**Exercise description**
With the pictures left aside, write out exactly the lines of the listing below from the line with "Antique Armchair with Tapestry Upholstery" to the line with "PetArmor 7-Way Deworm", both included, and only those.

**Records shown**
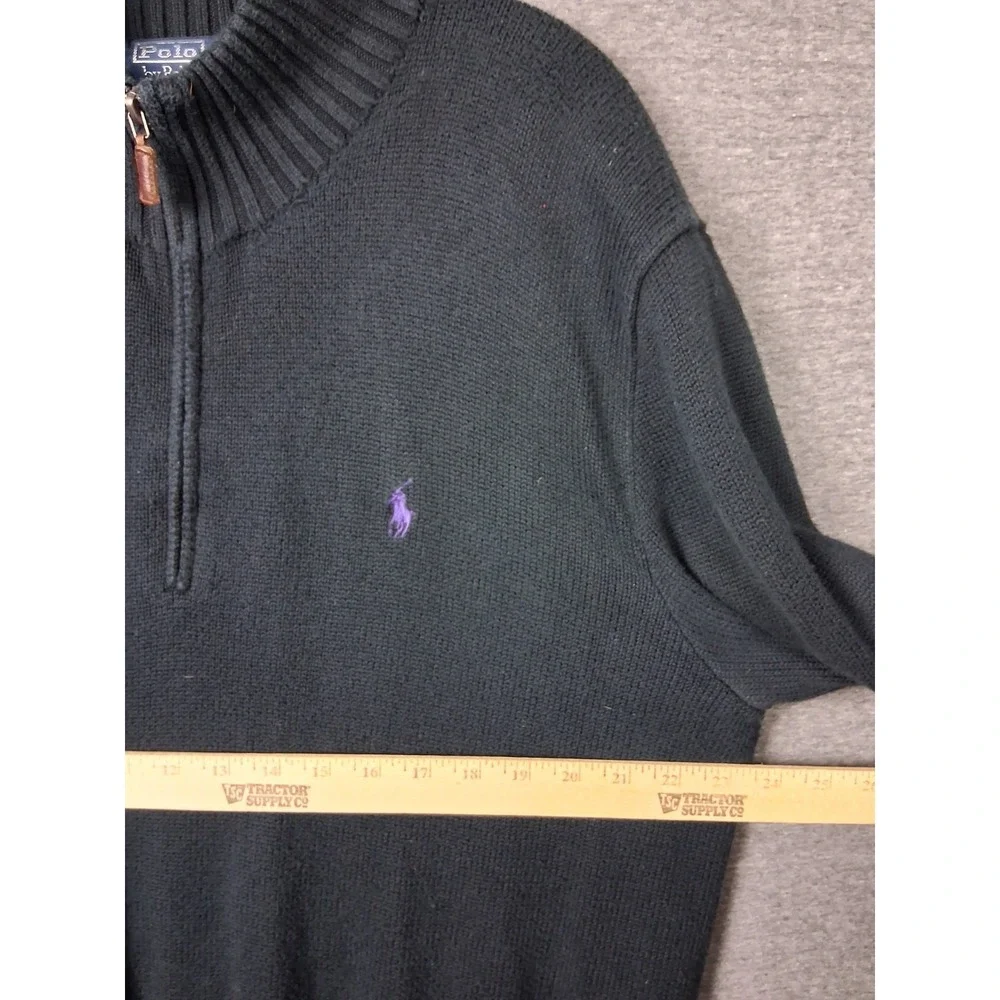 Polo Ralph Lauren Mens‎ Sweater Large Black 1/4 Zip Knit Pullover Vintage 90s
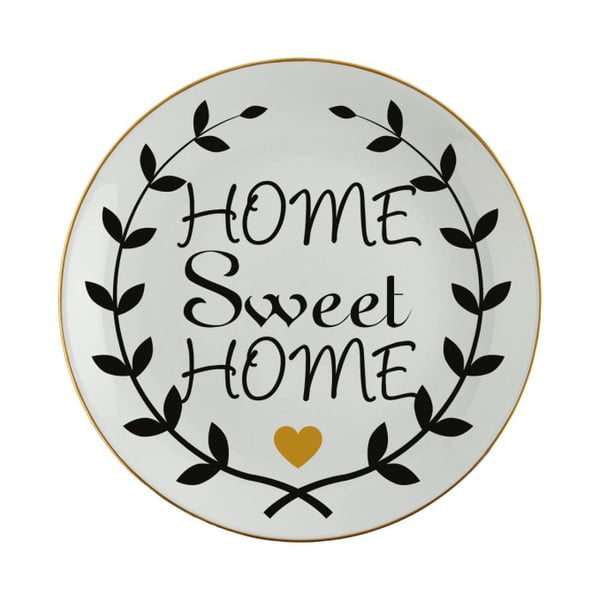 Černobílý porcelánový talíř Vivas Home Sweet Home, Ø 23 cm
---
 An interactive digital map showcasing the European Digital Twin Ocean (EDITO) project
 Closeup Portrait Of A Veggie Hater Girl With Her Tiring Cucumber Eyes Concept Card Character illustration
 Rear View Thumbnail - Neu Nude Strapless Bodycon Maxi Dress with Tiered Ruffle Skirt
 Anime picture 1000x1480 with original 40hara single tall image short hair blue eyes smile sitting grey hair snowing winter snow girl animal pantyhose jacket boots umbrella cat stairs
--
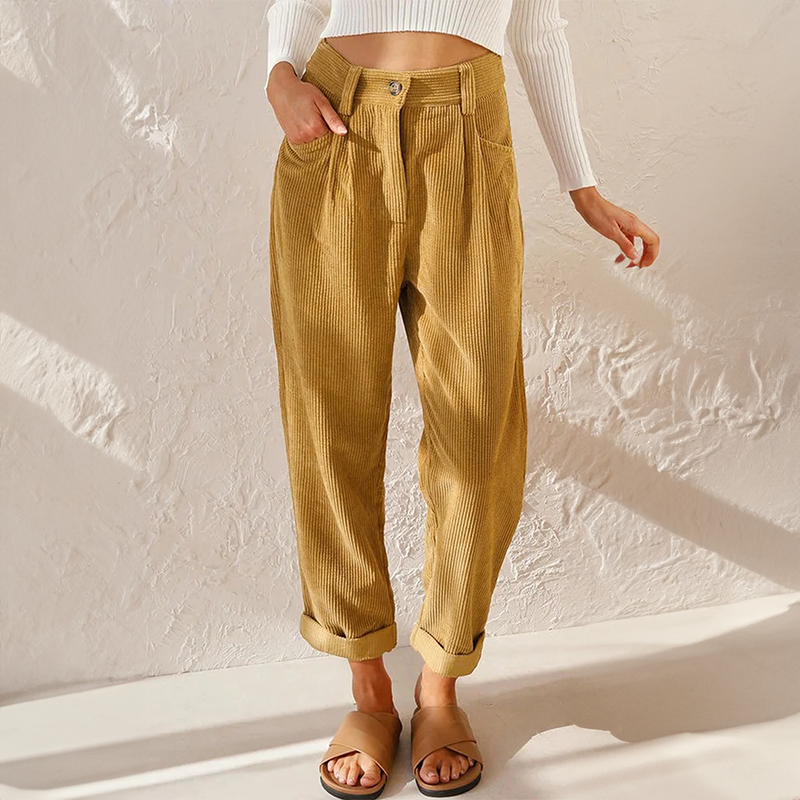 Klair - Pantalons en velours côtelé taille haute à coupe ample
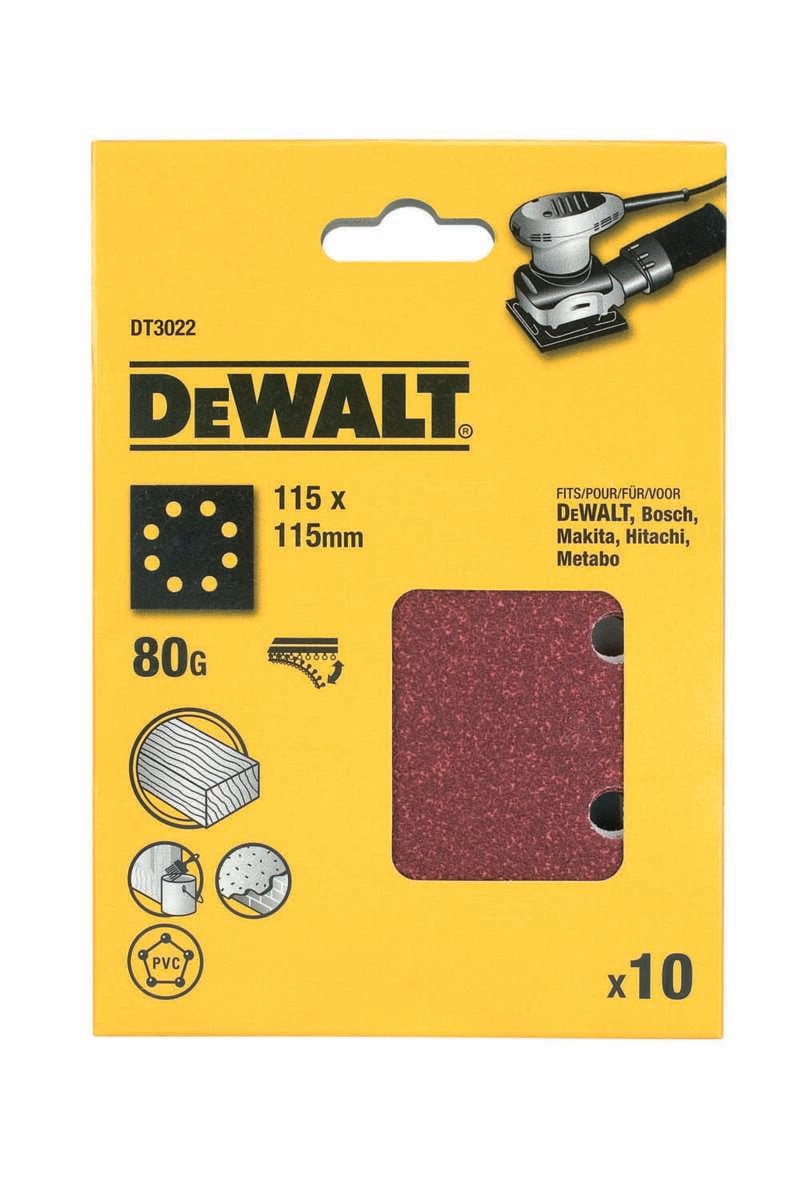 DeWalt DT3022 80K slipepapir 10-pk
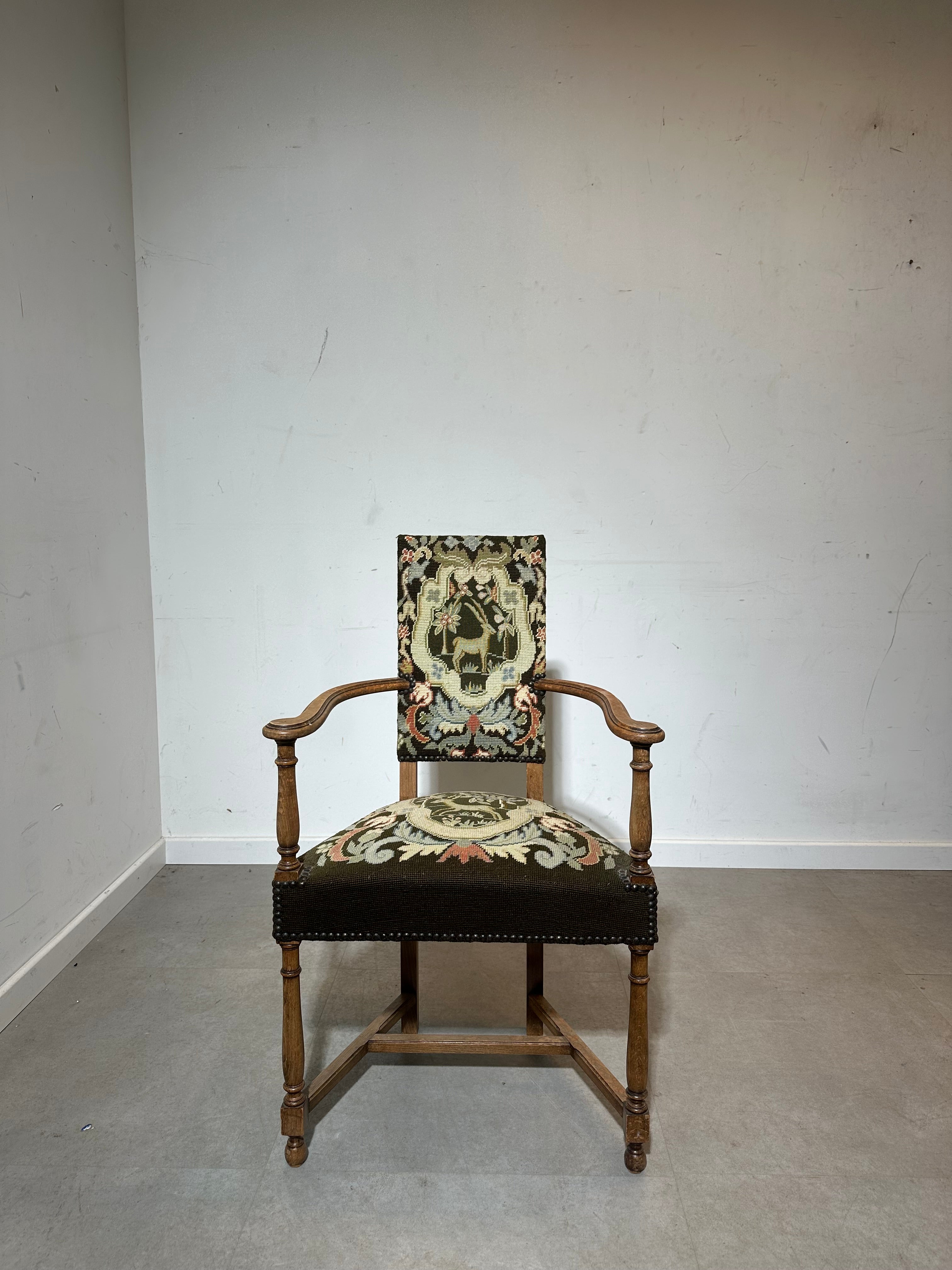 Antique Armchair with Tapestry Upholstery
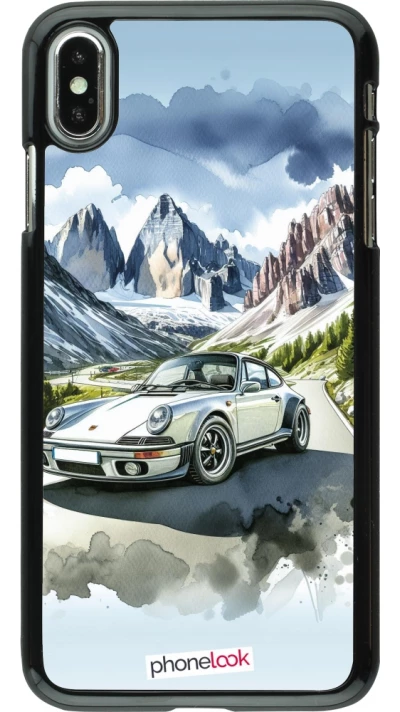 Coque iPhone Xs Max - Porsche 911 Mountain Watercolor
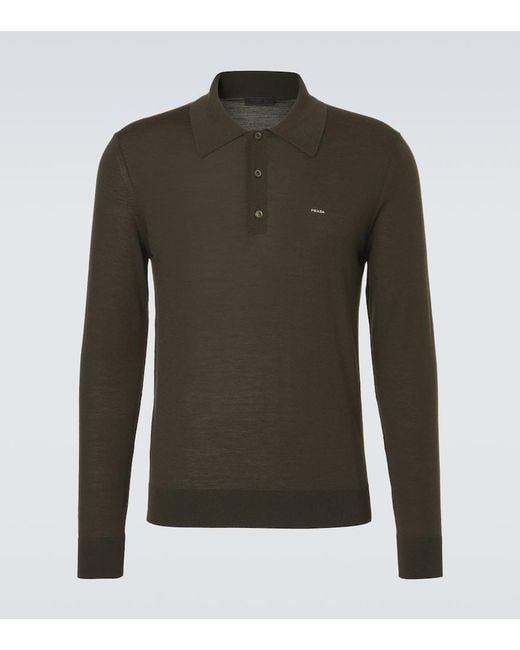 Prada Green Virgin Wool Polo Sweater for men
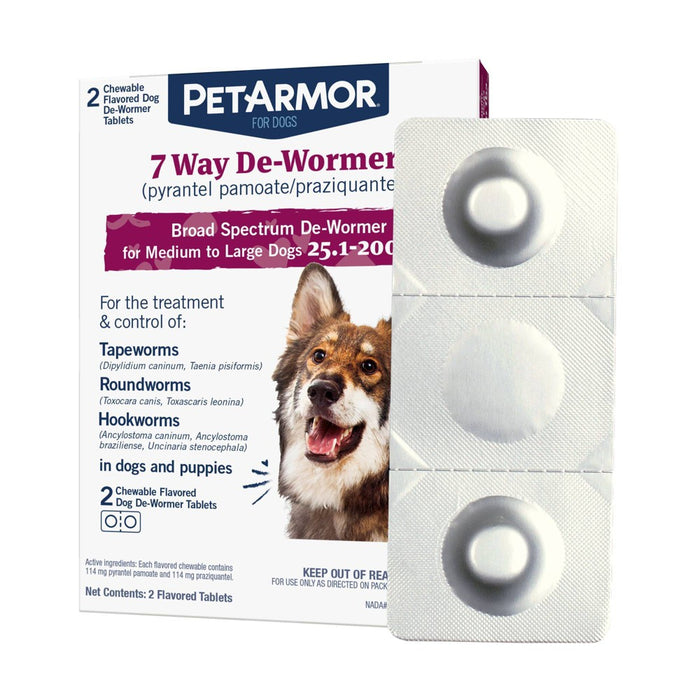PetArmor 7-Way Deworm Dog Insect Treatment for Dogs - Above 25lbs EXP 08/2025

**Answer section**
 Antique Armchair with Tapestry Upholstery
 Coque iPhone Xs Max - Porsche 911 Mountain Watercolor
 Prada Green Virgin Wool Polo Sweater for men
PetArmor 7-Way Deworm Dog Insect Treatment for Dogs - Above 25lbs EXP 08/2025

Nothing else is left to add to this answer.